▶ [Exercise]
Search the entries below for the line containing "this 800×600 image."; from there to the end, return every line exactly and add nothing.

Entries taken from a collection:
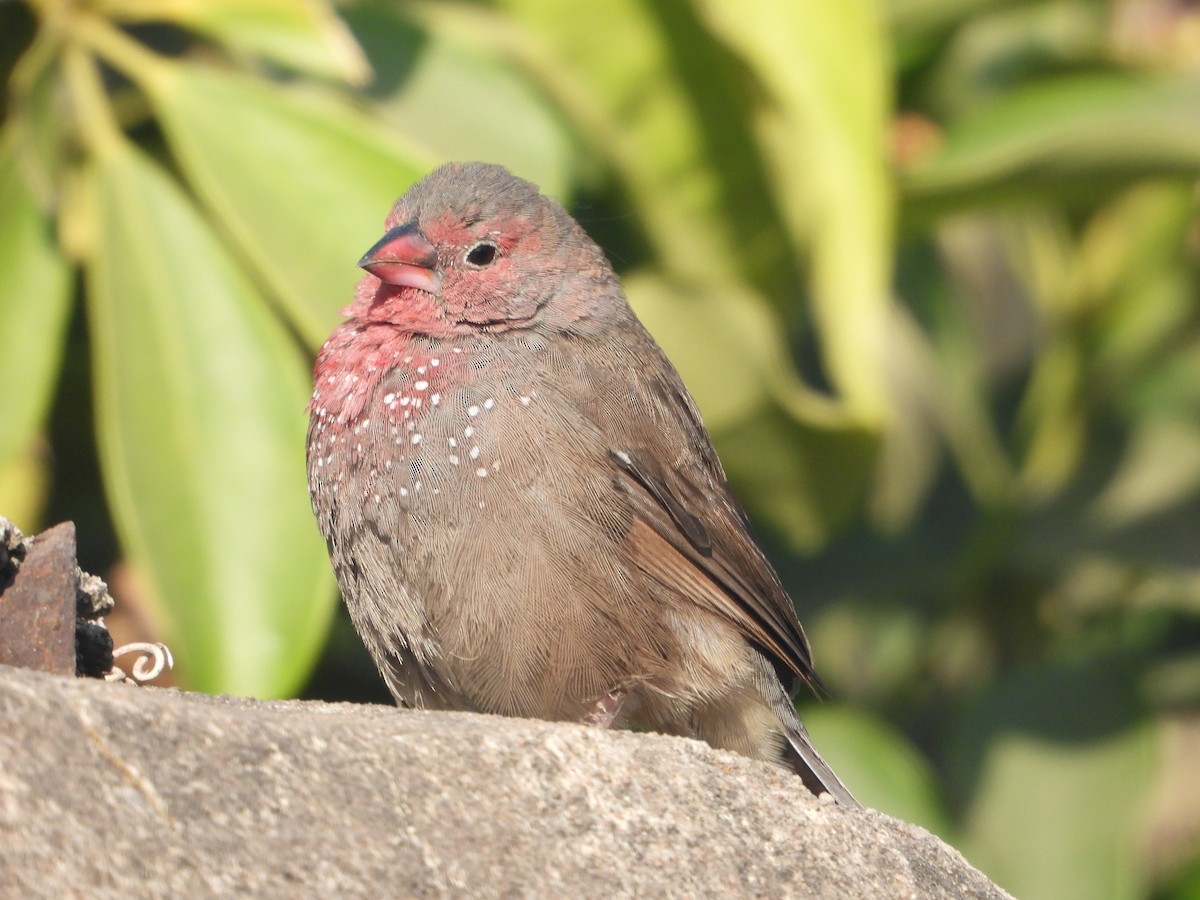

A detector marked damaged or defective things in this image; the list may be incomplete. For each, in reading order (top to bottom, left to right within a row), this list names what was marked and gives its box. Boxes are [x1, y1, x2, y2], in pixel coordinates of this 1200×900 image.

rusty metal object [0, 520, 77, 676]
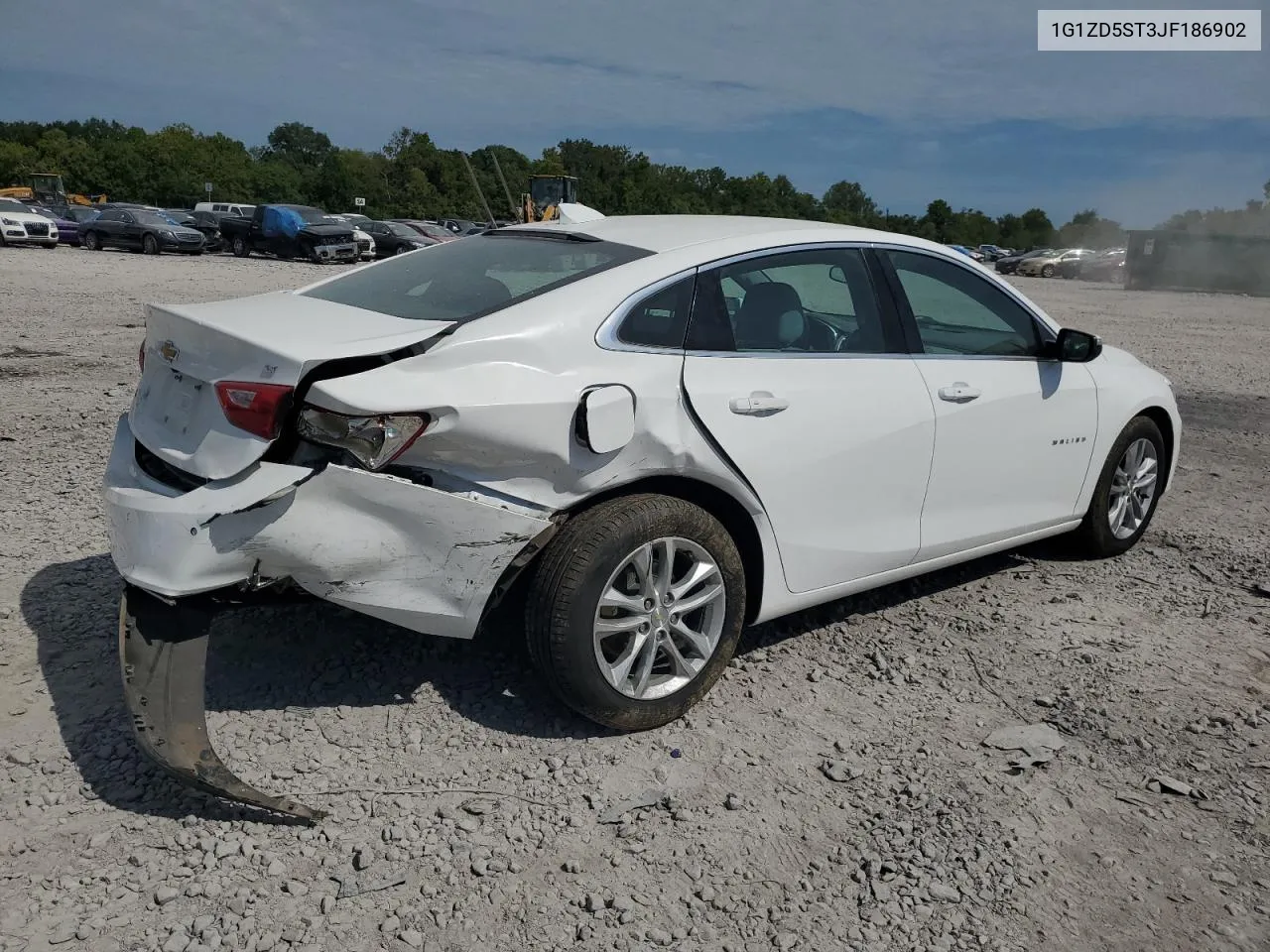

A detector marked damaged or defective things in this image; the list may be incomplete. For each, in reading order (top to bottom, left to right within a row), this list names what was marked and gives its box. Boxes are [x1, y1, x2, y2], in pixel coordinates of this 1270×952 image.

broken tail light [218, 379, 300, 438]
detached trunk lid [128, 290, 452, 480]
crumpled bumper [108, 413, 560, 635]
broken tail light [296, 405, 433, 472]
rear collision damage [106, 280, 754, 821]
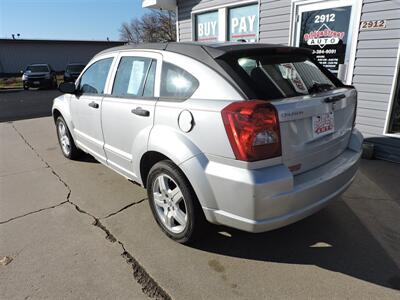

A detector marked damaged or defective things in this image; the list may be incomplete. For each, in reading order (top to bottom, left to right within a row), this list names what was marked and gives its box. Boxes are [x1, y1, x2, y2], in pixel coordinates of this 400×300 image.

crack in concrete [10, 122, 171, 300]
crack in concrete [101, 199, 148, 220]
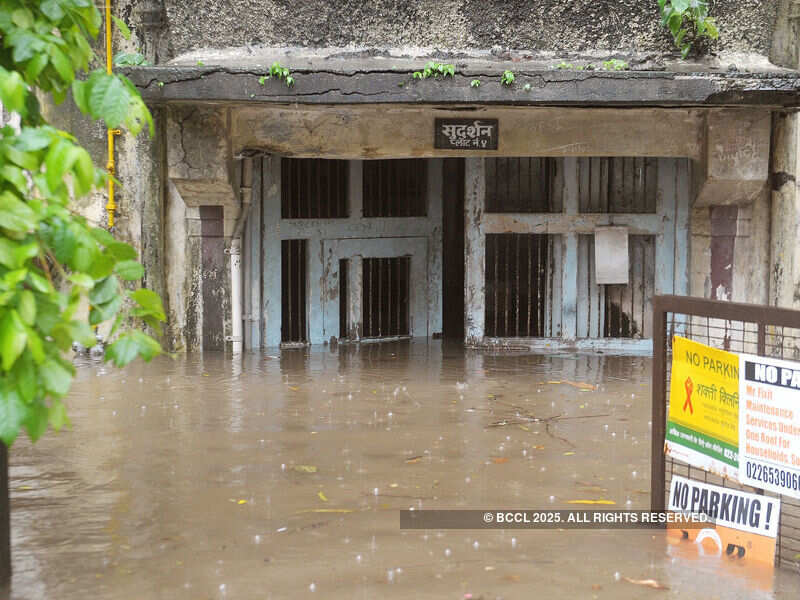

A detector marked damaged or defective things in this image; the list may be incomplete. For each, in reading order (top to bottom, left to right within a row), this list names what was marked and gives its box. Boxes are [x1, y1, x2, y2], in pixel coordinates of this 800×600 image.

rusty metal frame [652, 294, 800, 510]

▶ [Finished exercise]
A detector marked damaged or defective things in this image; the list may be incomplete. For each, in reading order (top to bottom, left to right within a row), this list names what was marked and gives its box. Boxes are [x1, y1, x2, y2], in pixel coordinates of this 800×600 image.

rusty metal frame [652, 294, 800, 510]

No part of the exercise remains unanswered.